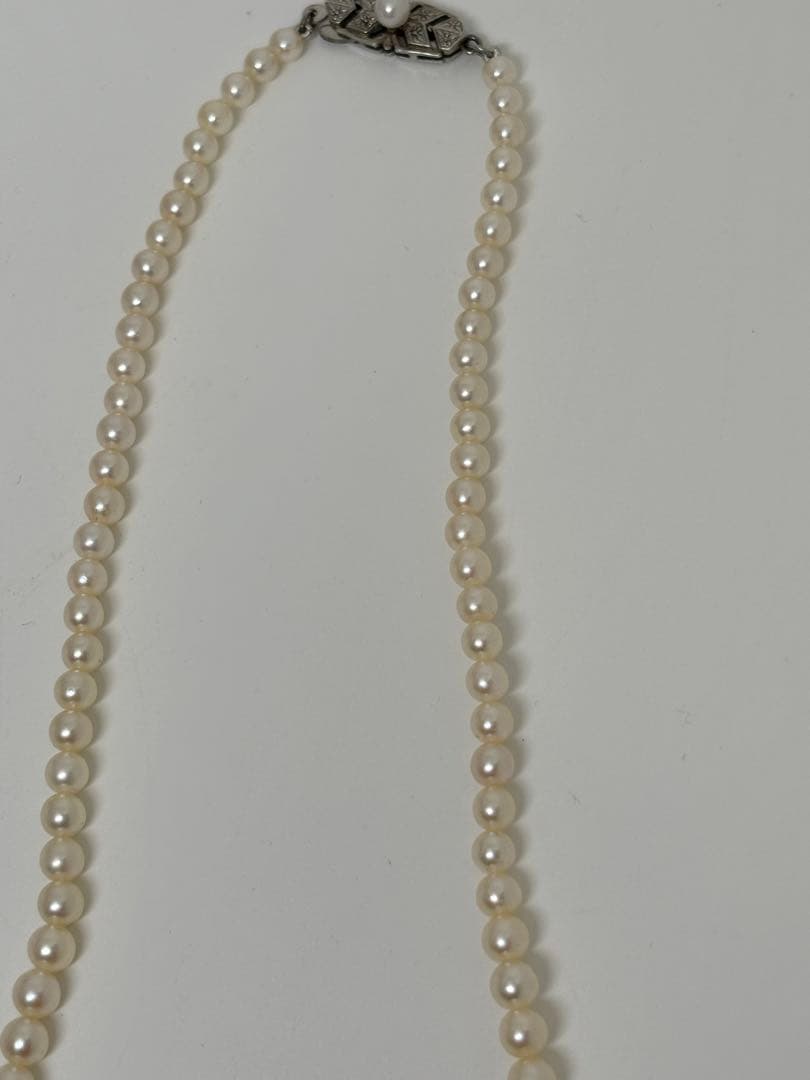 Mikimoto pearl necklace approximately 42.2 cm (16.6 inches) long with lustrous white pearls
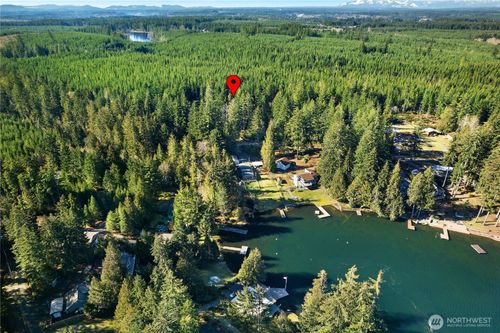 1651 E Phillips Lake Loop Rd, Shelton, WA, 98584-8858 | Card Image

--*--

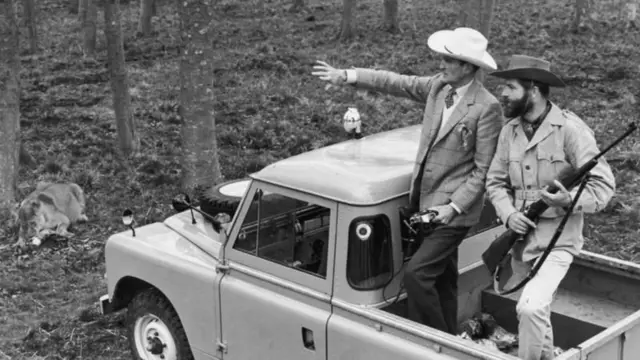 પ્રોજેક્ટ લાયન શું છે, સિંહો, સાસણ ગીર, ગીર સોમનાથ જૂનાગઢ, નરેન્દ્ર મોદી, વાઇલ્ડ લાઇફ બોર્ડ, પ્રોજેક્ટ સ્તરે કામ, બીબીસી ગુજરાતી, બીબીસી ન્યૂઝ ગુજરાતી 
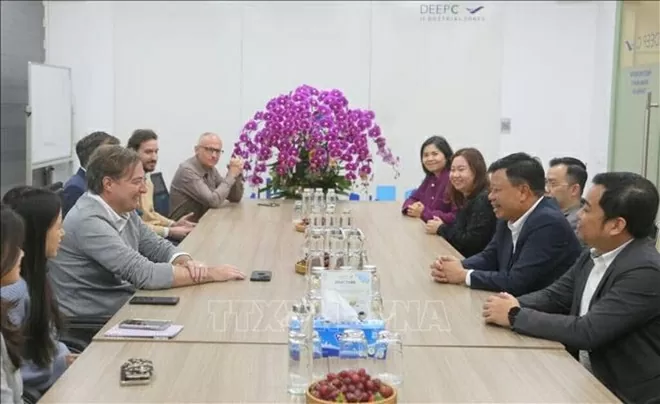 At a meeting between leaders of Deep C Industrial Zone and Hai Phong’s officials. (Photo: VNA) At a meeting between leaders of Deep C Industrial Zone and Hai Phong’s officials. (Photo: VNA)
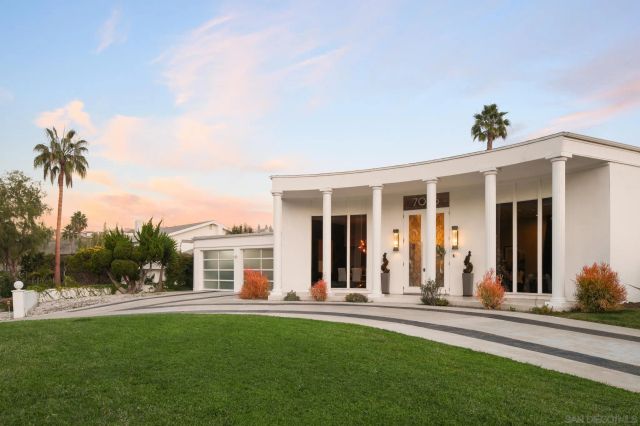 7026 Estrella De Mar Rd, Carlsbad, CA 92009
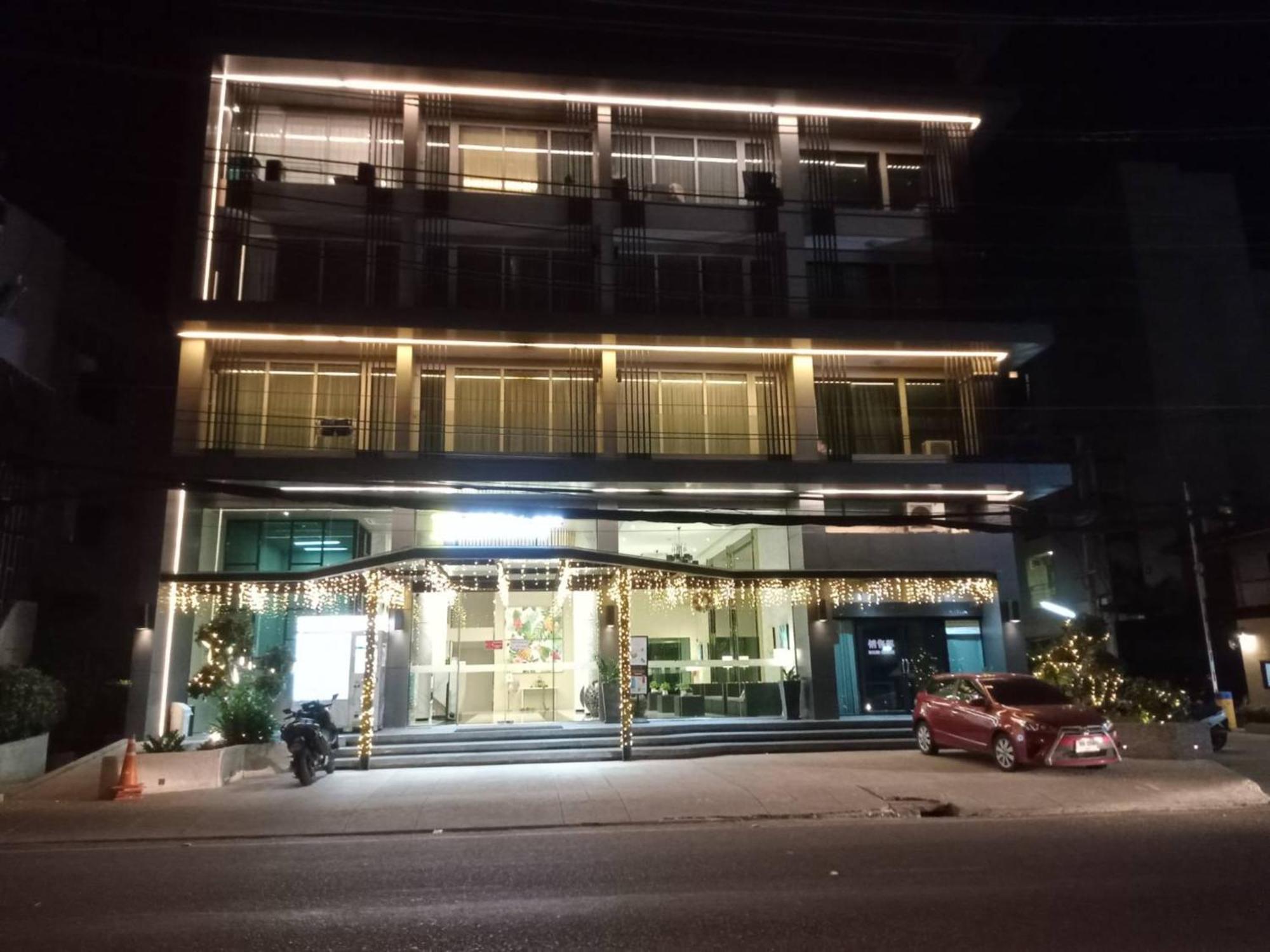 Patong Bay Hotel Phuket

--*--

About this task: What do the entries above read from the line containing "Mikimoto pearl necklace" through the line containing "1651 E Phillips"? Output those lines exactly, both ends included, with the pictures left out.

Solution to the problem:
 Mikimoto pearl necklace approximately 42.2 cm (16.6 inches) long with lustrous white pearls
 1651 E Phillips Lake Loop Rd, Shelton, WA, 98584-8858 | Card Image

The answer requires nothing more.